Zebrafish embryo screen for mycobacterial genes involved in the initiation of granuloma formation reveals a newly identified ESX-1 component

Esther J M Stoop  1 Tim SchipperSietske K Rosendahl HuberAlexander E NezhinskyFons J VerbeekSudagar S GurchaGurdyal S BesraChristina M J E Vandenbroucke-GraulsWilbert BitterAstrid M van der Sar
Affiliations

Zebrafish embryo screen for mycobacterial genes involved in the initiation of granuloma formation reveals a newly identified ESX-1 component

Esther J M Stoop et al. Dis Model Mech. 2011 Jul.

Abstract

The hallmark of tuberculosis (TB) is the formation of granulomas, which are clusters of infected macrophages surrounded by additional macrophages, neutrophils and lymphocytes.

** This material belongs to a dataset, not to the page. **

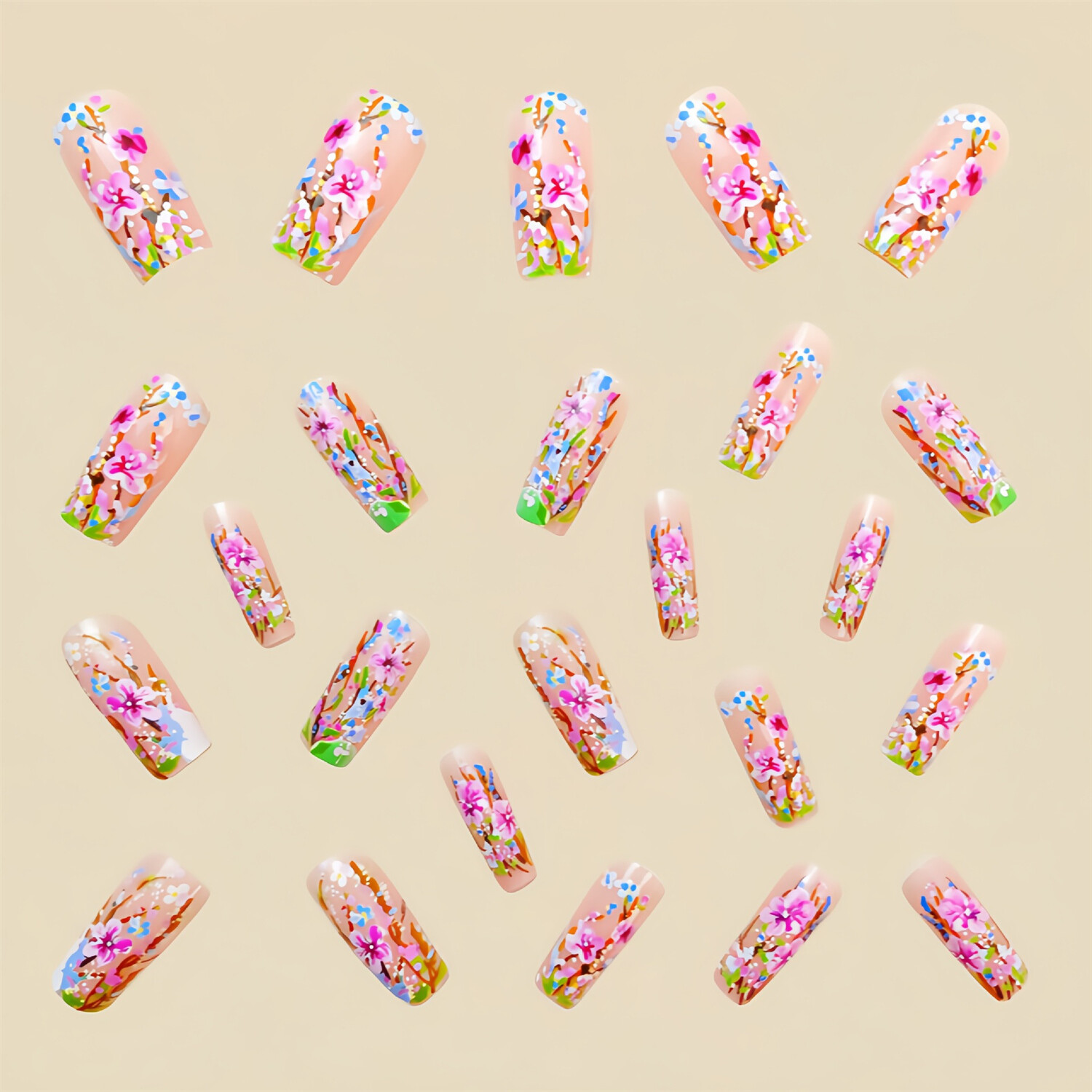 24pcs Colorful Flowers Short Square Press-On Fake Nail Spring Summer Manicure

Although it has long been thought that granulomas are beneficial for the host, there is evidence that mycobacteria also promote the formation of these structures. In this study, we aimed to identify new mycobacterial factors involved in the initial stages of granuloma formation. We exploited the zebrafish embryo Mycobacterium marinum infection model to study initiation of granuloma formation and developed an in vivo screen to select for random M. marinum mutants that were unable to induce granuloma formation efficiently. Upon screening 200 mutants, three mutants repeatedly initiated reduced granuloma formation. One of the mutants was found to be defective in the espL gene, which is located in the ESX-1 cluster. The ESX-1 cluster is disrupted in the Mycobacterium bovis BCG vaccine strain and encodes a specialized secretion system known to be important for granuloma formation and virulence. Although espL has not been implicated in protein secretion before, we observed a strong effect on the secretion of the ESX-1 substrates ESAT-6 and EspE. We conclude that our zebrafish embryo M. marinum screen is a useful tool to identify mycobacterial genes involved in the initial stages of granuloma formation and that we have identified a new component of the ESX-1 secretion system. We are confident that our approach will contribute to the knowledge of mycobacterial virulence and could be helpful for the development of new TB vaccines.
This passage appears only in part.